[RECORDED DATA]
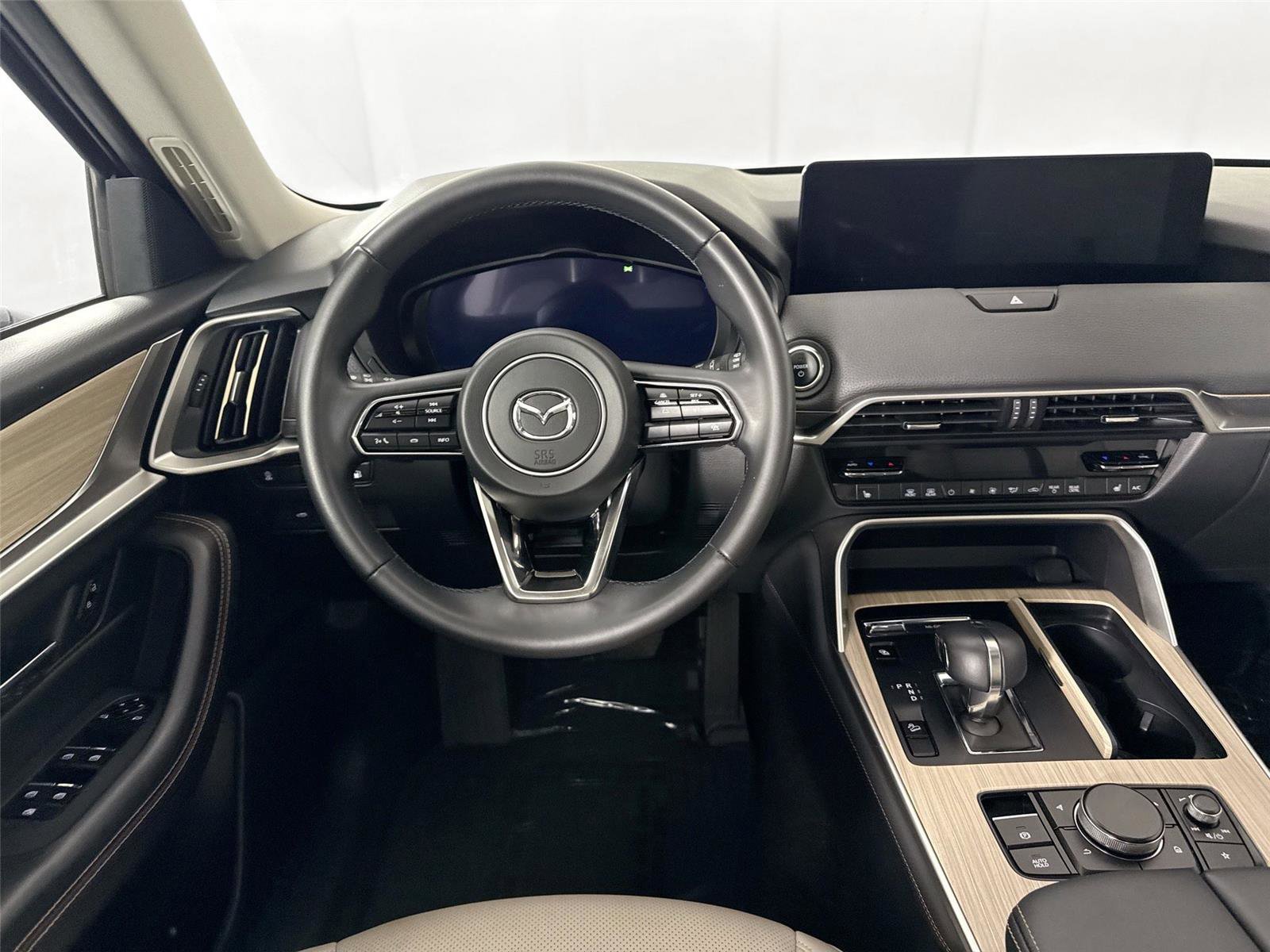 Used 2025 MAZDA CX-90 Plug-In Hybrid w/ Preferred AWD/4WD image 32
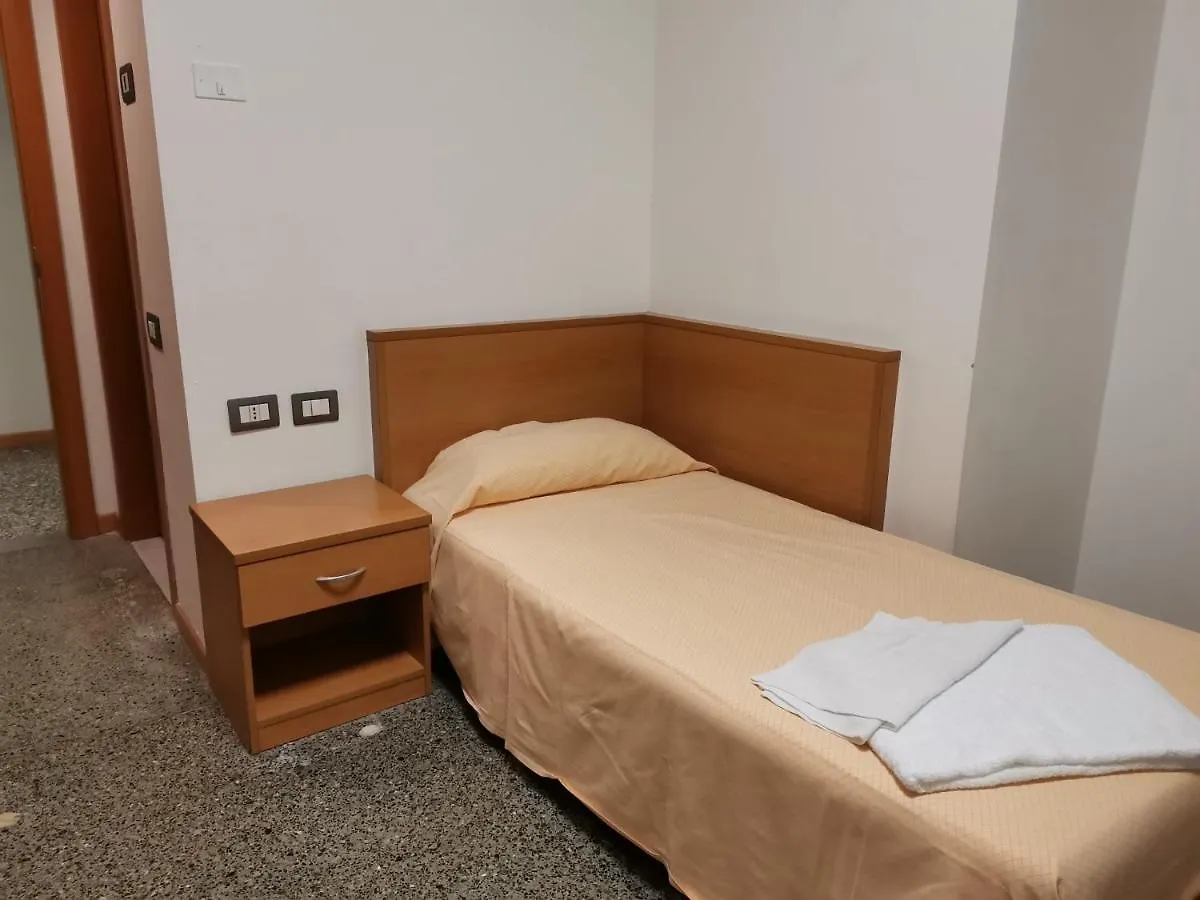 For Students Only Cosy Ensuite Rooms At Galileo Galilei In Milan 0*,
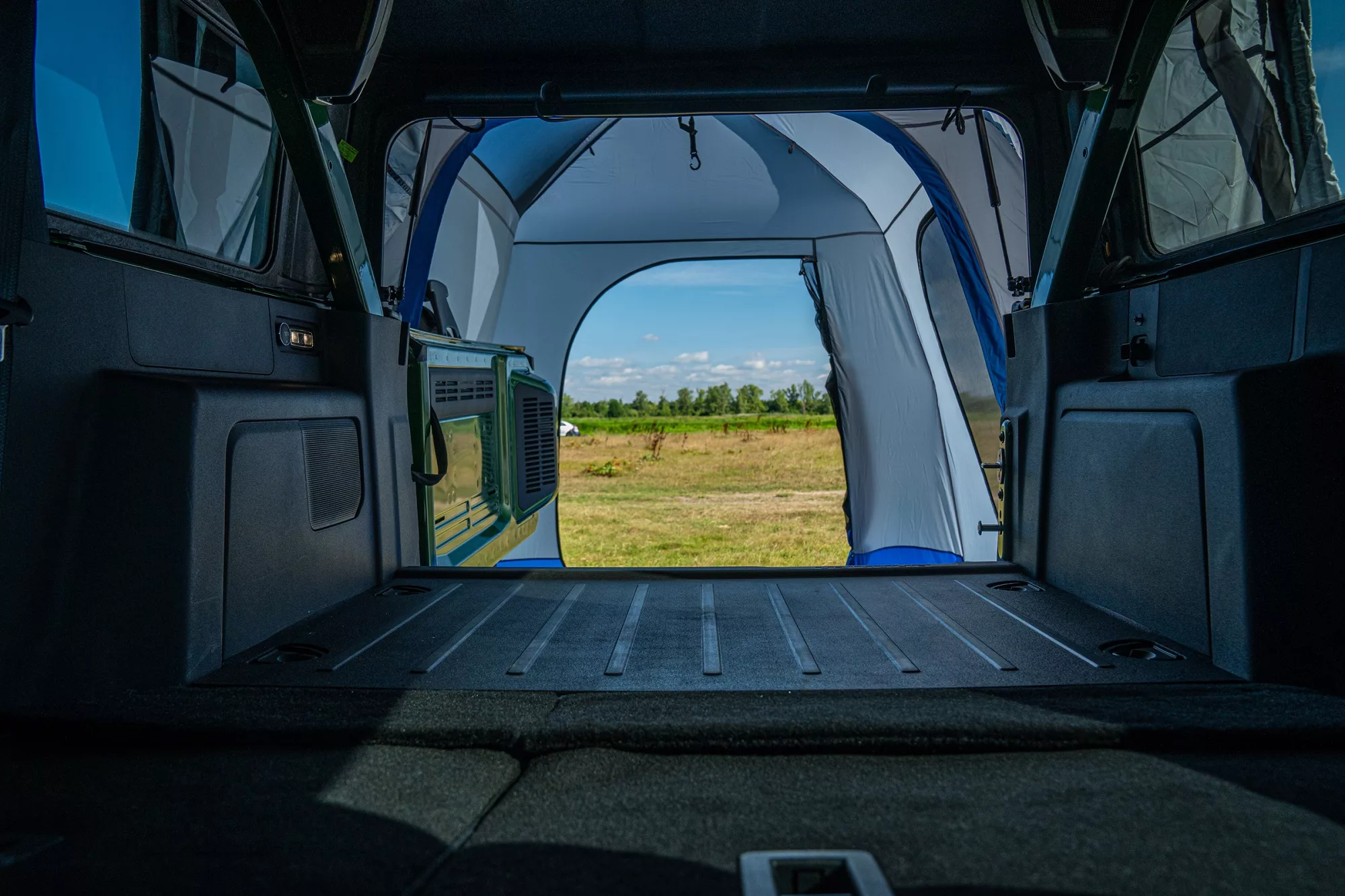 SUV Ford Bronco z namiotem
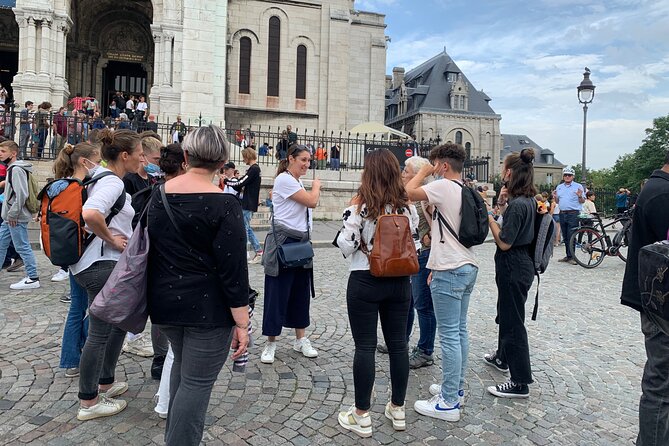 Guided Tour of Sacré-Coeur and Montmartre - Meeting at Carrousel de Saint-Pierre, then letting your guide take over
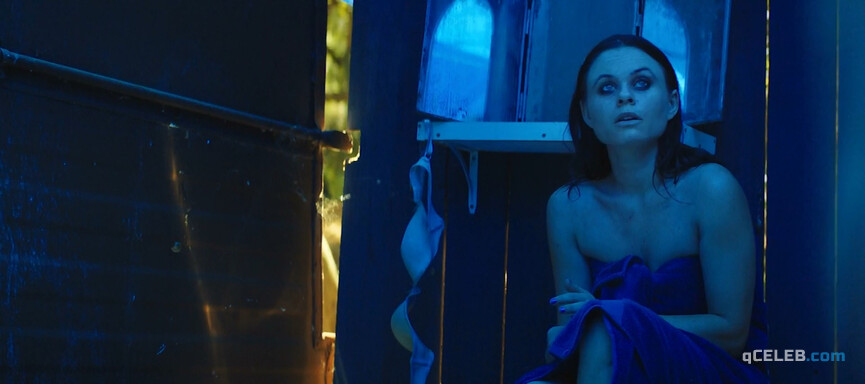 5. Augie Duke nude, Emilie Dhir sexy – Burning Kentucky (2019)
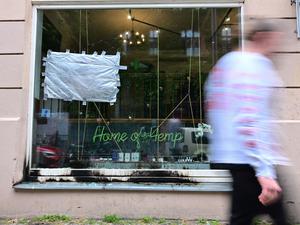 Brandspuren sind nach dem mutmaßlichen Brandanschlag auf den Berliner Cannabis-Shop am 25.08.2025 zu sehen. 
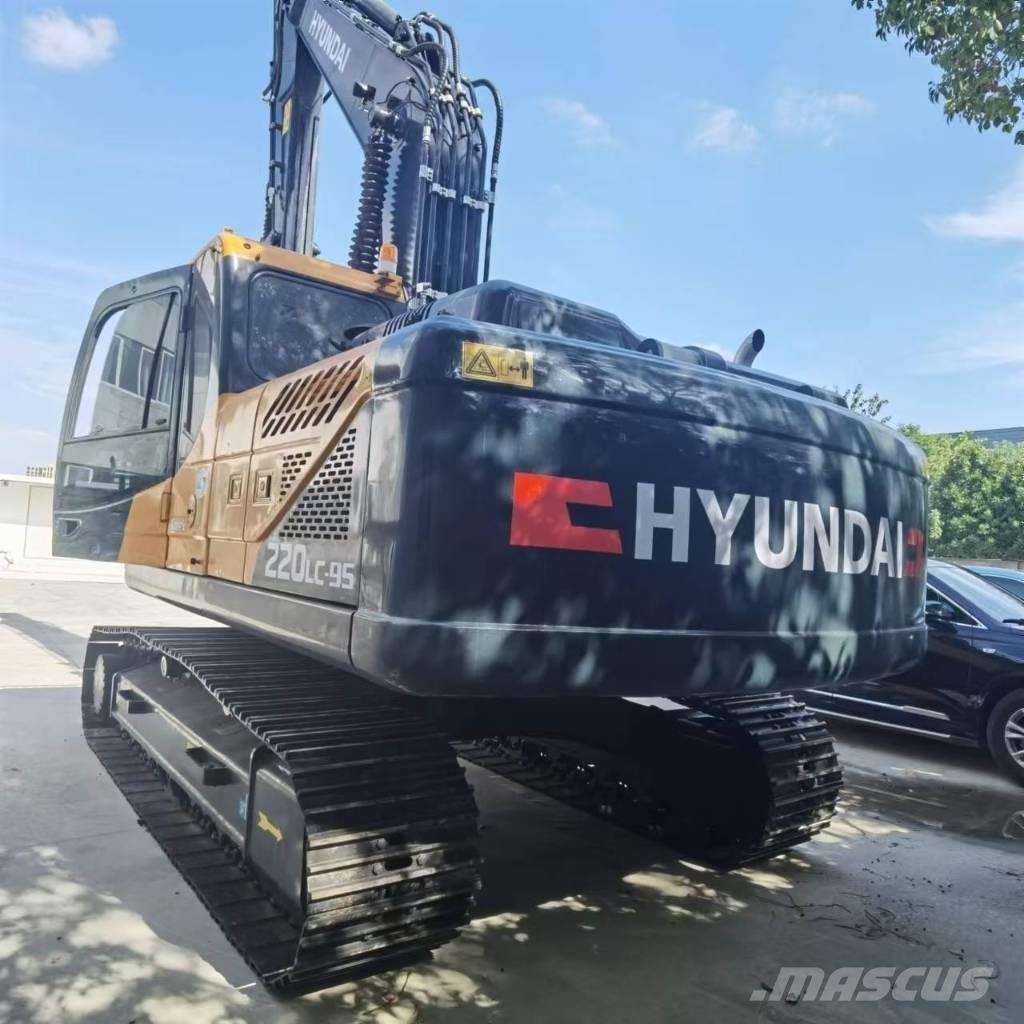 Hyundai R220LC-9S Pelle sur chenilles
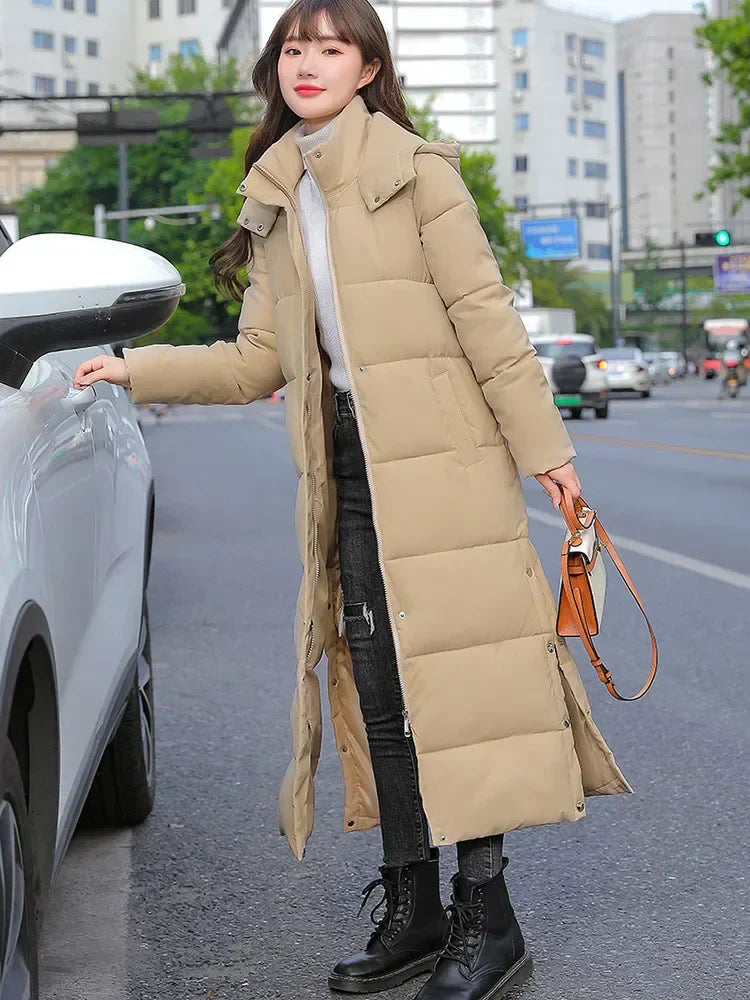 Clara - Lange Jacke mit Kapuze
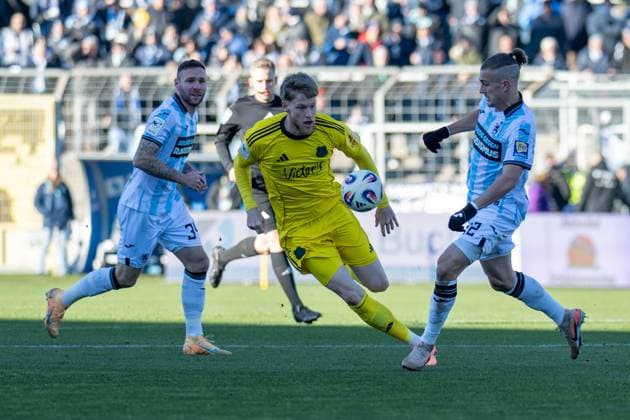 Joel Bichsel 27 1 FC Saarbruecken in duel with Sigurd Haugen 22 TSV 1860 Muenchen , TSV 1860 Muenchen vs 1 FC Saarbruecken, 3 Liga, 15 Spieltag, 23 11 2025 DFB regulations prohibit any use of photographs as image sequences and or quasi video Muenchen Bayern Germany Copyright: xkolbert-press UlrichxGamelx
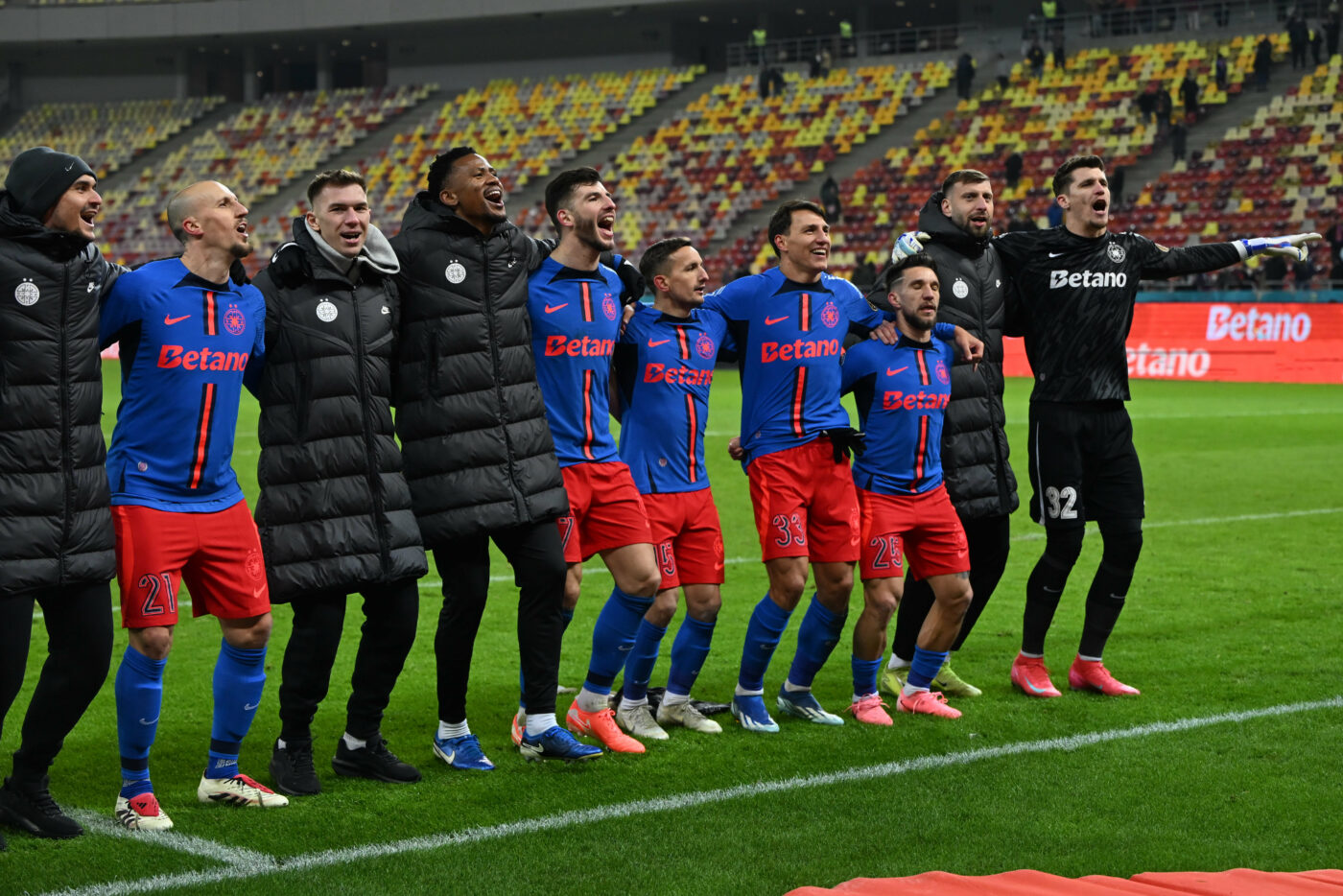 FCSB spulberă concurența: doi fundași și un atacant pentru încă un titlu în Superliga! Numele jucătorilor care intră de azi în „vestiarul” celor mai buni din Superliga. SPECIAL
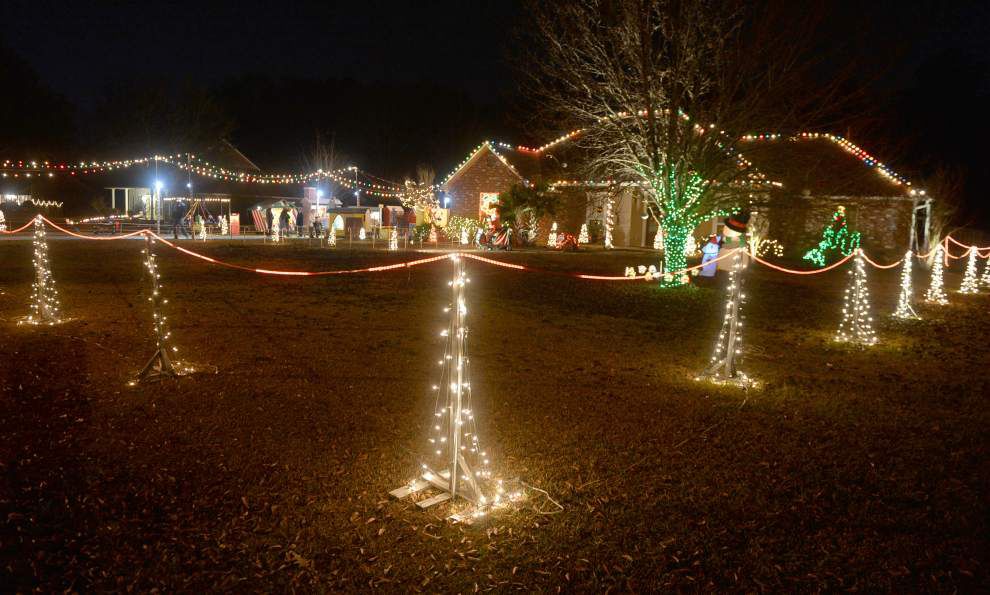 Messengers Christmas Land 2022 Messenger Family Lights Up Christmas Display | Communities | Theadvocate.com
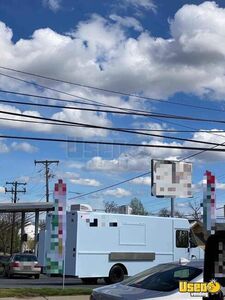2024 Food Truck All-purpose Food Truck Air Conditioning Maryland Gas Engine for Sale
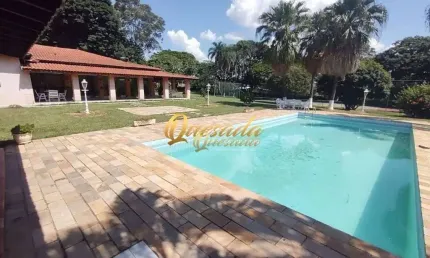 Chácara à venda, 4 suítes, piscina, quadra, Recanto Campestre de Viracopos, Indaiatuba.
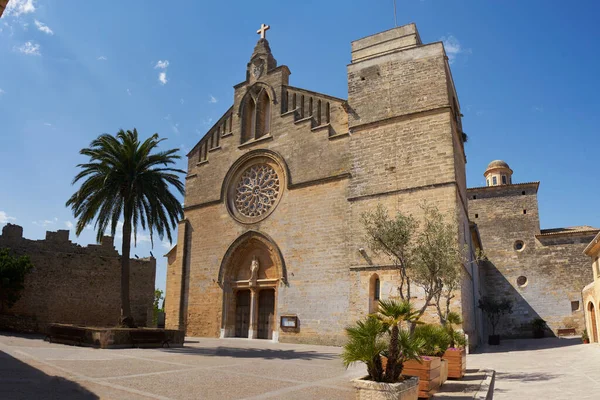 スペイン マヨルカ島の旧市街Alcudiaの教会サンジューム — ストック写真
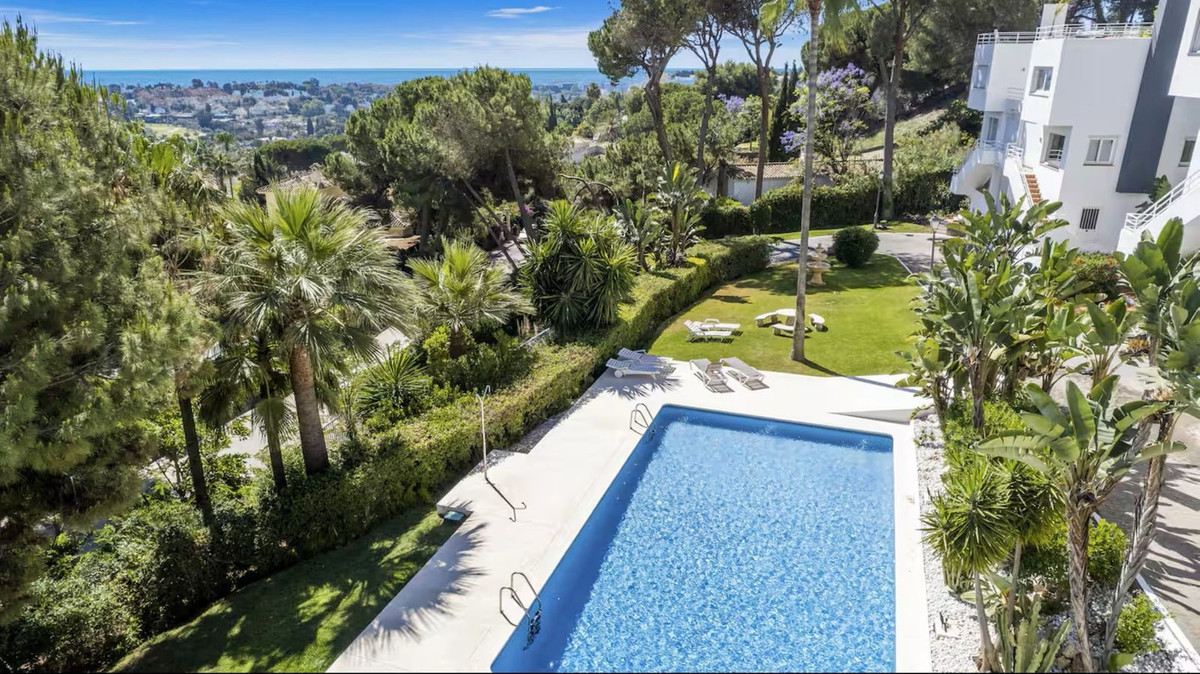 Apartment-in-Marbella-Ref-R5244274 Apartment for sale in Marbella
[/RECORDED DATA]
Give back exactly the lines from the one that contains "Chácara à venda, 4" to the final line of the data above, both included, with all pictures removed.

 Chácara à venda, 4 suítes, piscina, quadra, Recanto Campestre de Viracopos, Indaiatuba.
 スペイン マヨルカ島の旧市街Alcudiaの教会サンジューム — ストック写真
 Apartment-in-Marbella-Ref-R5244274 Apartment for sale in Marbella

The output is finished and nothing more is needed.